June 25, 2020 / 9:06 AM / 8 days ago

UPDATE 1-Philippine cbank surprises with big 50 bps rate cut to soften pandemic blow

* Benchmark RRP rate cut to record-low 2.25%

* Cbank says global growth outlook has worsened

* Cbank lifts 2020, 2021 inflation forecasts

* GRAPHICS: Philippines economy indicators interactive tmsnrt.rs/2nZqDWx (Adds quotes, more details, graphics)

By Neil Jerome Morales and Enrico Dela Cruz

MANILA, June 25 (Reuters) - The Philippine central bank unexpectedly cut its benchmark interest rate by another 50 basis points to a new low on Thursday, extending an aggressive policy easing cycle to cushion the economic blow from the coronavirus pandemic.

The cut was the fourth this year, and took the rate on the overnight reverse repurchase facility to 2.25%. The central bank has now slashed the rate by 175 bps since February.

Rates on the overnight deposit and lending facilities were likewise reduced to 1.75% and 2.75%, respectively.

Eight out of 12 economists in a Reuters survey had expected the central bank to keep the rate steady, while the other four had forecast a 25 bps cut.

“The Monetary Board decided that a further reduction in the policy rate amidst a benign inflation environment would help mitigate the downside risks to growth and boost market confidence,” Bangko Sentral ng Pilipinas (BSP) Governor Benjamin Diokno said.

Activity has slowed due to a coronavirus-induced lockdown, while the outlook for global growth has deteriorated, he said.

The BSP forecast inflation to average 2.3% this year and 2.6% in 2021, higher than the April estimates of 2.0% and 2.45%, respectively, but well within the official target of 2%-4% for both years.

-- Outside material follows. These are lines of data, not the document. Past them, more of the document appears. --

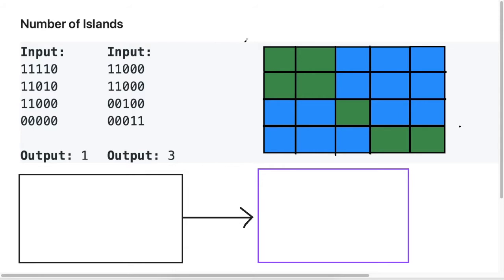Let's jump right into the problem. We're going to understand the problem, write some pseudocode, and then do a visual walkthrough of the solution. The question is pretty straightforward — what they're looking for is how many islands can be formed. If we have ones representing the islands and zero representing the water, we just have to see how many of them are connected. Islands are connected in up, down, left, and right direction — not diagonally, otherwise they'd be considered a separate island.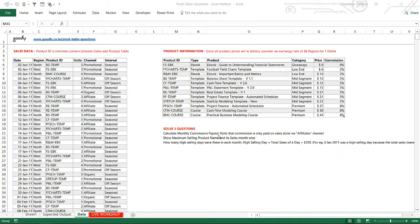Question one: calculate the monthly commission payout. Note that commission is only paid on sales done via the affiliate channel. So if the channel is affiliate, you pay that affiliate some commission. How much commission? We take the product ID, apply a VLOOKUP, find that product ID in the products table, and against it we have a commission percentage. Commission is paid on the sales made - take the affiliate units, multiply by the price of the product, and that gives you the sales on which you apply the commission percentage. We need to find the monthly commission paid out month on month.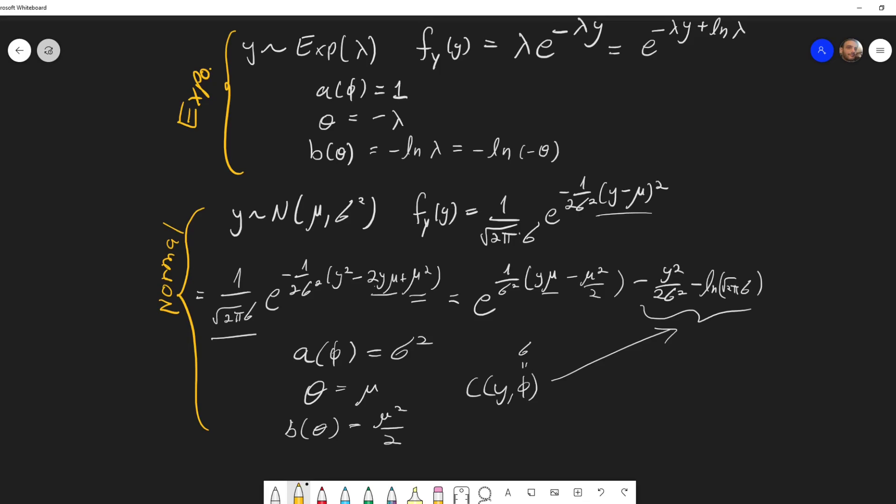In the next video, I will show some other distributions that are part of the exponential family. Thank you for watching.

The BSP remains committed to deploying a full range of monetary instruments and regulatory relief measures as needed to support growth, Diokno said.

“The surprise cut is seen as a pre-emptive monetary easing measure needed most by the economy at this time and in the coming months,” said Michael Ricafort, economist at Rizal Commercial Banking Corp in Manila.

Further easing may be needed to prevent the economic contraction from deepening, Ricafort said.

The Philippine economy is expected to contract 3.8% this year, the Asian Development Bank (ADB) said last week.

“After the flurry of rate cuts and infusion of liquidity, today’s move may be the last from the BSP in 2020 with Diokno likely in favor of approximating positive real policy rates,” ING said in a note.

“Meanwhile, Governor Diokno will also likely hold back on reducing reserve requirements in the near term given that the financial system is swamped with liquidity with excess funds parked at BSP’s deposit facilities hitting roughly 1.3 trillion peso in June.”